▶

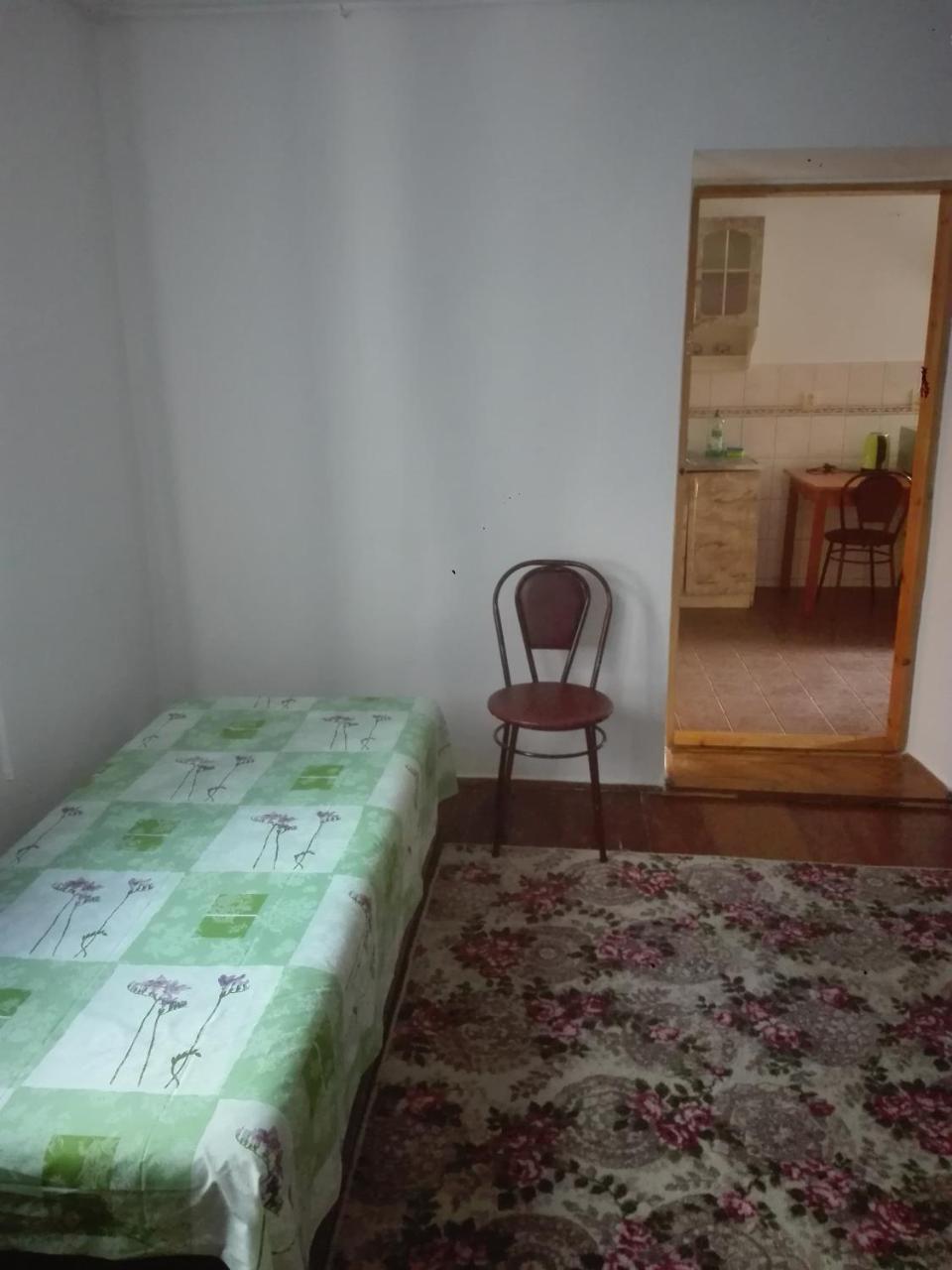 Halex5 Guest House Svidova ภายนอก รูปภาพ
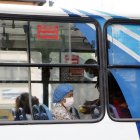 Guayaquil. Que los vendedores se suban a las unidades y los conductores deban bajarse al paso, es el diario vivir de los usuarios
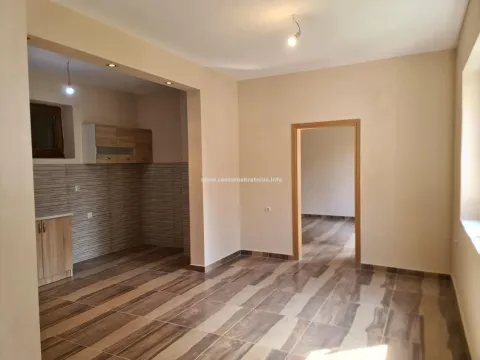 Prodaja, kuća, 90m², Stanjevića Rupa, Podgorica - image 14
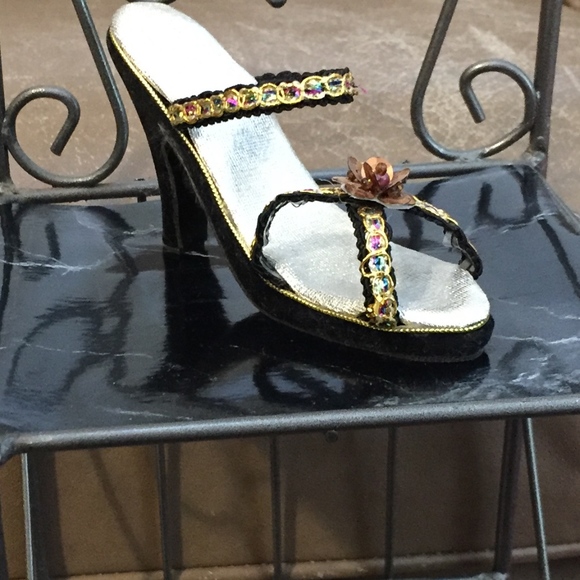 Collectible Miniature Shoe by FETE - Picture 2 of 5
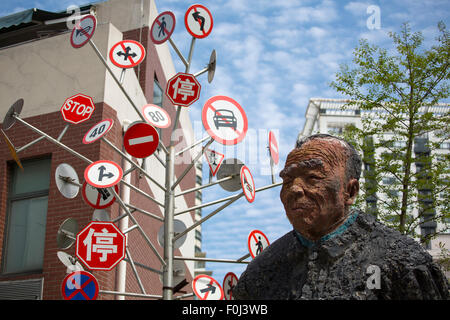 Kunst-Installation in Mogadischu aus unbekannter Maler. Darstellung einer Skulptur aus einer Gruppe von Verkehr Verkehrszeichen. Stockfoto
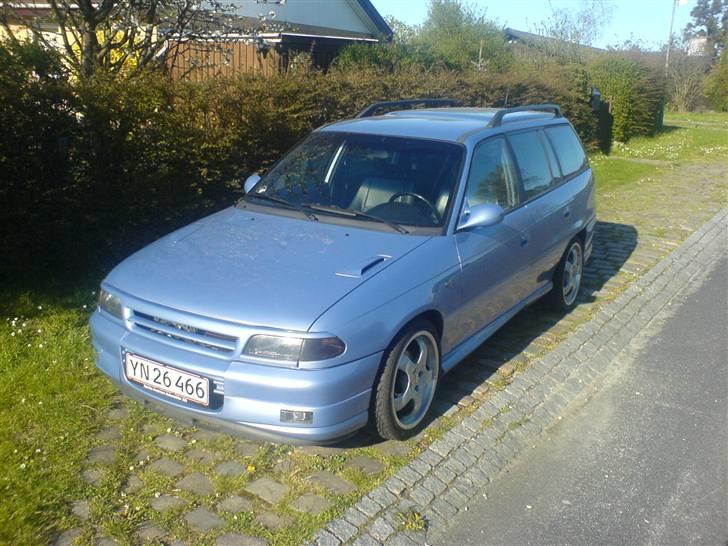 Opel Astra F Irmsc. Edi. SOLGT - med sommerfælgene på :) billede 1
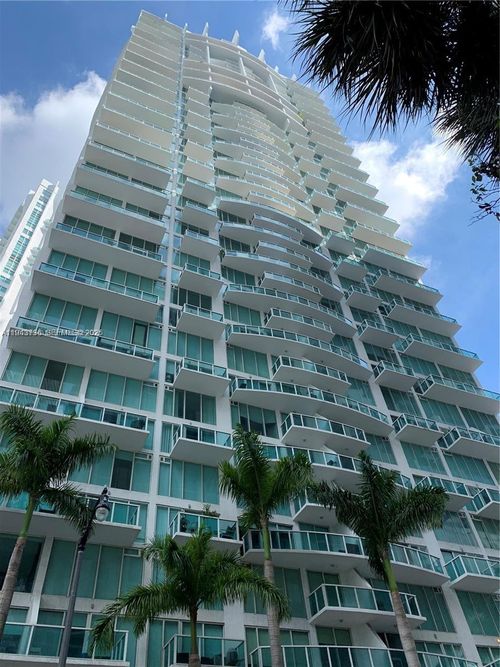 apt-2010-41 Se 5th St, Miami, FL, 33131-2549 | Card Image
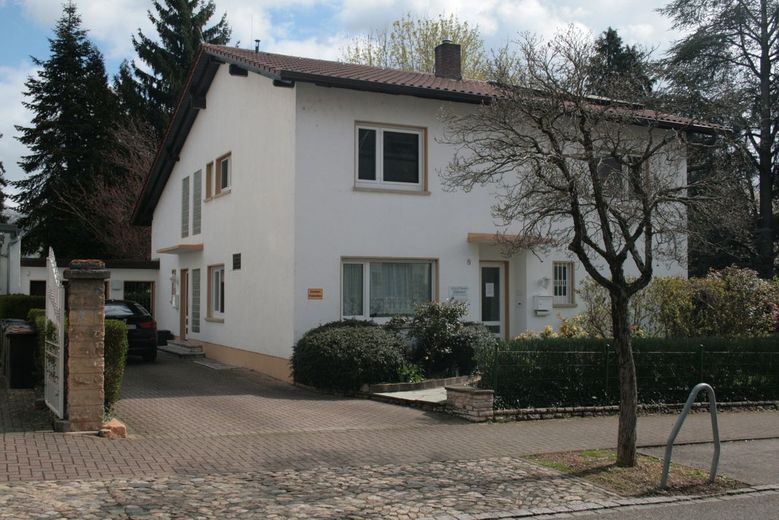 Großzügiges Zweifamilienhaus in bester, zentrumsnaher Lage in Müllheim – 9aef338c-65f0-4256-8e2a-562bff90faeb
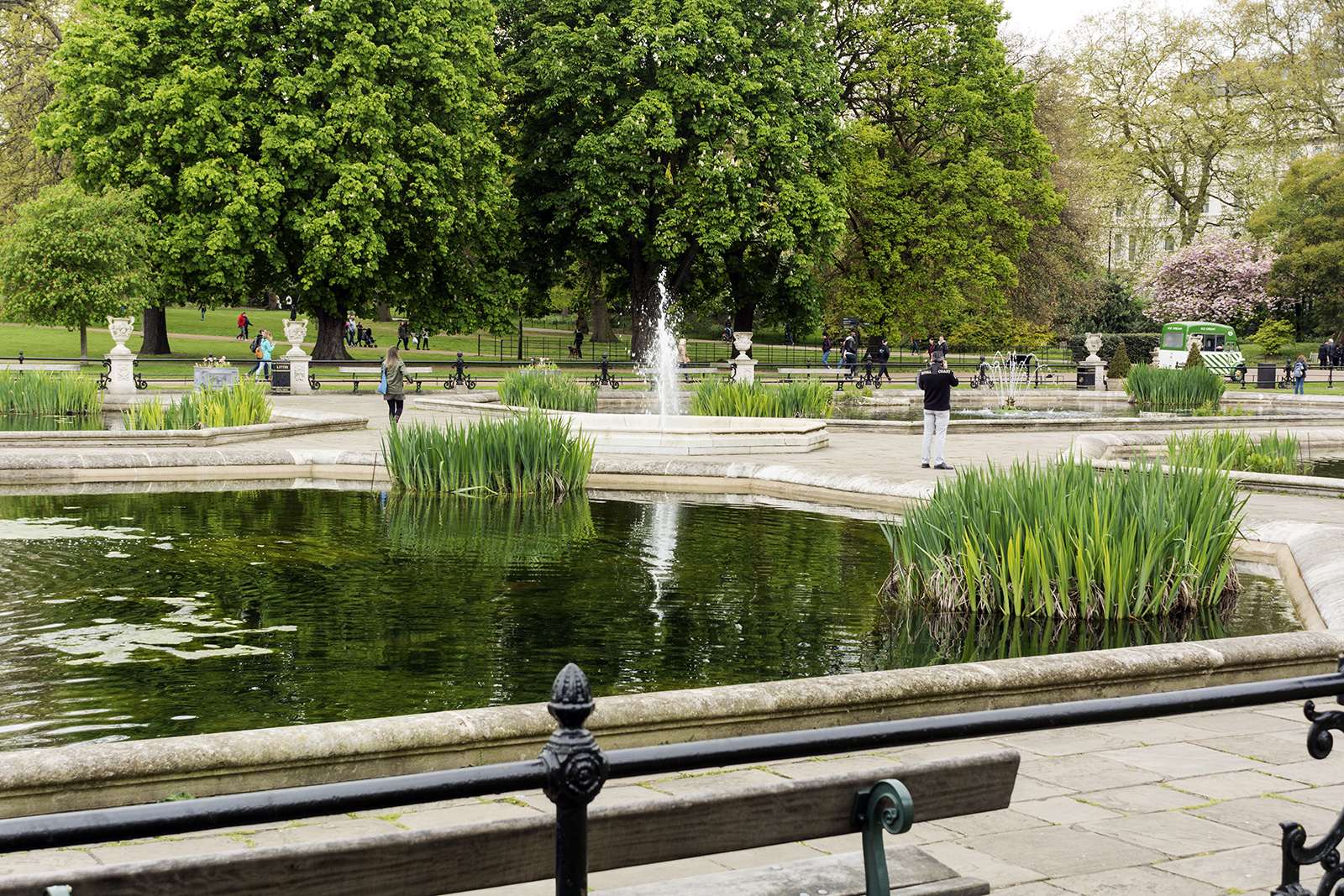 20147-04-17-Hyde-Park_Kensington-Gardens_Spring_Landscape-View-across-the-gardens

◀

### Requirement:
Repeat the records above exactly, from the first line through the line containing "Opel Astra F", and leave out the pictures.

### Solution:
 Halex5 Guest House Svidova ภายนอก รูปภาพ
 Guayaquil. Que los vendedores se suban a las unidades y los conductores deban bajarse al paso, es el diario vivir de los usuarios
 Prodaja, kuća, 90m², Stanjevića Rupa, Podgorica - image 14
 Collectible Miniature Shoe by FETE - Picture 2 of 5
 Kunst-Installation in Mogadischu aus unbekannter Maler. Darstellung einer Skulptur aus einer Gruppe von Verkehr Verkehrszeichen. Stockfoto
 Opel Astra F Irmsc. Edi. SOLGT - med sommerfælgene på :) billede 1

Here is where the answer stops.